¿Cuáles son los fundamentos de los derechos humanos y cuál es su validez?
La “ideología de los derechos humanos” (yo prefiero usar este término en lugar de hablar
simplemente de “derechos humanos”, porque es más bien de una ideología de lo que se
trata) ha alegado sucesivamente dos tipos de fundamentos. La primera formulación, que
encuentra su forma canónica en Locke y en la filosofía de la Ilustración, define los derechos
humanos como atributos inherentes a la naturaleza del hombre, constitutivos de su ser y,
por tanto, ya presentes en el “estado de naturaleza”, es decir, antes de cualquier relación
política o social. La segunda, que encuentra en Kant su forma más elaborada, hace derivar
los derechos de la “dignidad” inherente a todo ser humano.

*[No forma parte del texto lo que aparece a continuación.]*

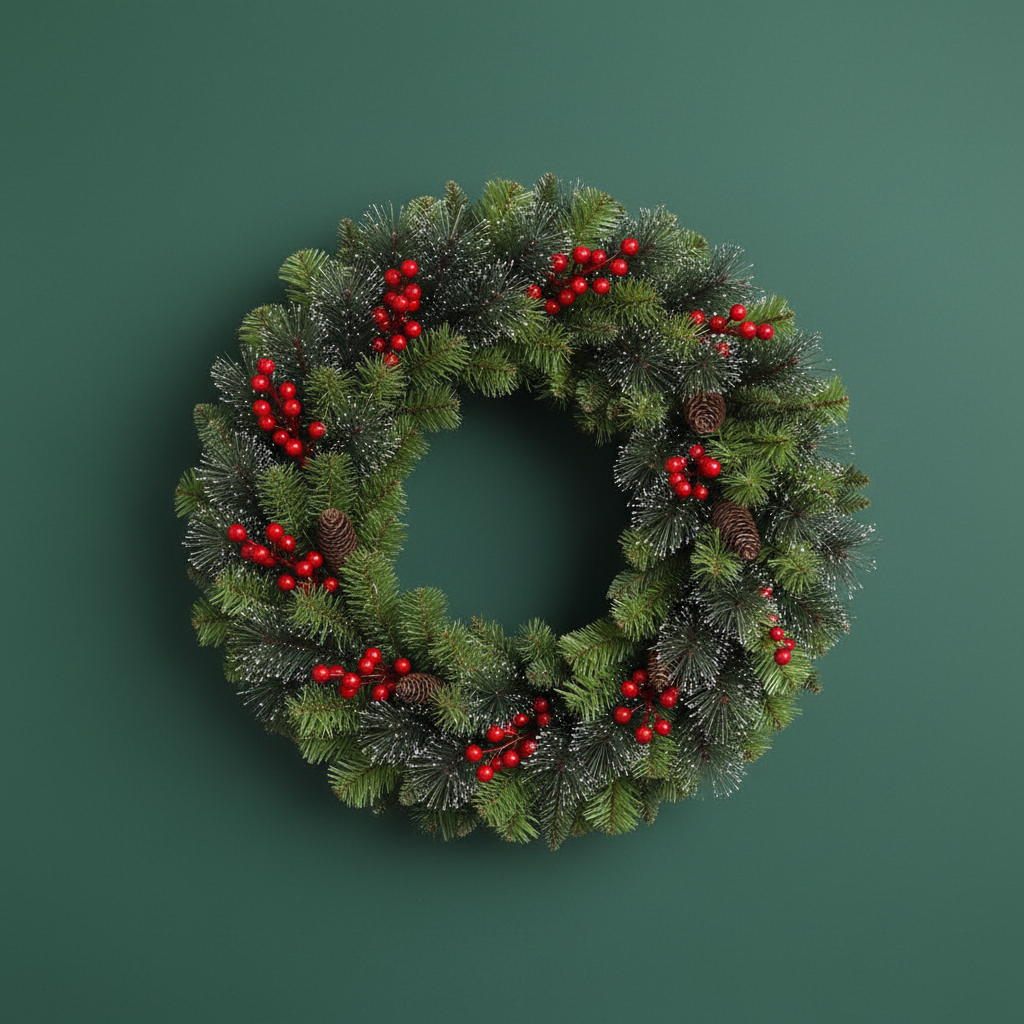 Christmas wreath with red berries on a green background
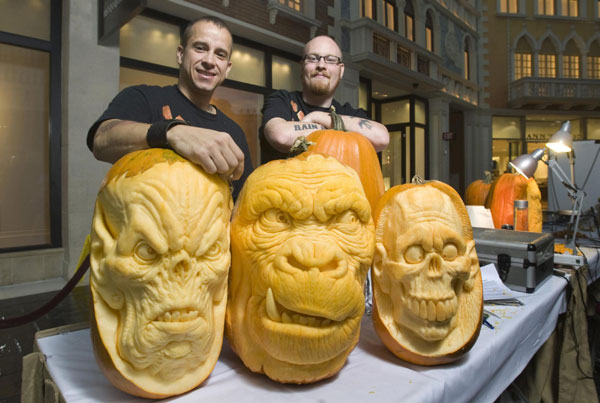 Pumpkins make faces as Halloween comes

En esta óptica, el respeto de la
dignidad humana es una elección moral, que implica la libertad de la voluntad por
relación, especialmente, a toda causalidad natural.

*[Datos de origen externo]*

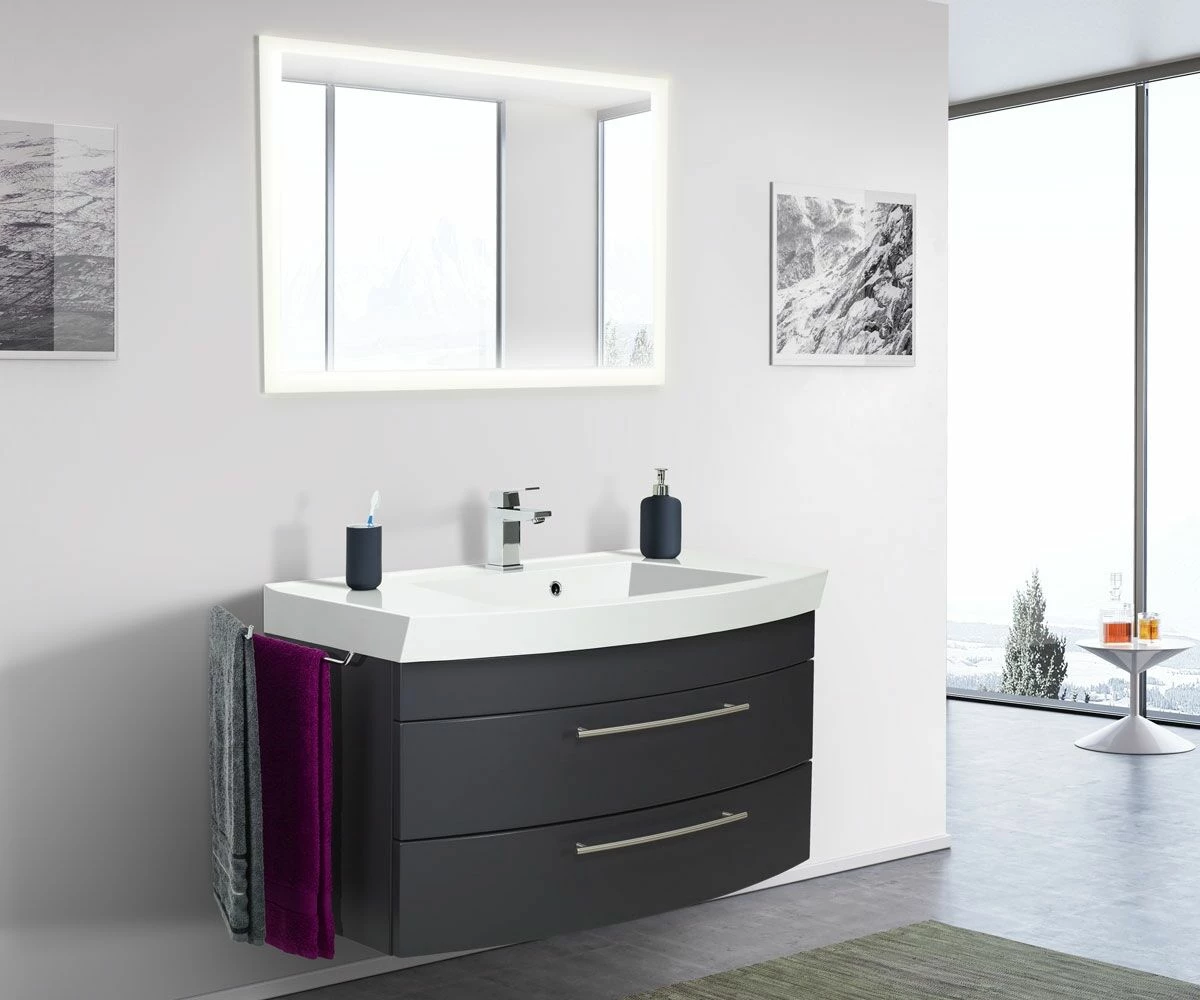 Saniclear Bella Halfrond Badmeubel 100cm Met LED Spiegel Antraciet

Estas dos formulaciones tienen el inconveniente de ser totalmente contradictorias. La
primera habla, en efecto, de derechos naturales del hombre, mientras que la segunda, no
sólo no depende de ninguna proposición sustancial concerniente a la naturaleza humana,
sino que define la humanidad como capacitada para superar la naturaleza por el libre juego
de la voluntad racional. Si aceptamos la primera, entonces tenemos que rechazar la
segunda. Pero, de hecho, tanto la una como chocan con dificultades insuperables. El
“estado de naturaleza” es, evidentemente, una ficción: no hay vida humana que no sea,
desde su origen, una vida social, y más precisamente una vida sociohistórica. En cuanto a
la “dignidad”, ella pierde toda significación jurídica y política desde que se formula como
un absoluto moral.
En 1947, la Unesco solicitó a 150 intelectuales de renombre que determinasen la base
filosófica de la “Declaración universal de los Derechos Humanos” que debía ser
proclamada el 10 de diciembre de 1948. Esta investigación se saldó con un fracaso, porque
las respuestas obtenidas fueron irreconciliables. Lo son todavía en la actualidad: la
cuestión de los fundamentos de la ideología de los derechos humanos sigue siendo una
completa confusión. La omnipresencia del discurso sobre los derechos humanos en la vida
pública tiende a hacer olvidar ese fiasco. Esta es la razón por la que me he esforzado en
estudiar esta cuestión en detalle.
Los derechos humanos ¿son coherentes entre sí?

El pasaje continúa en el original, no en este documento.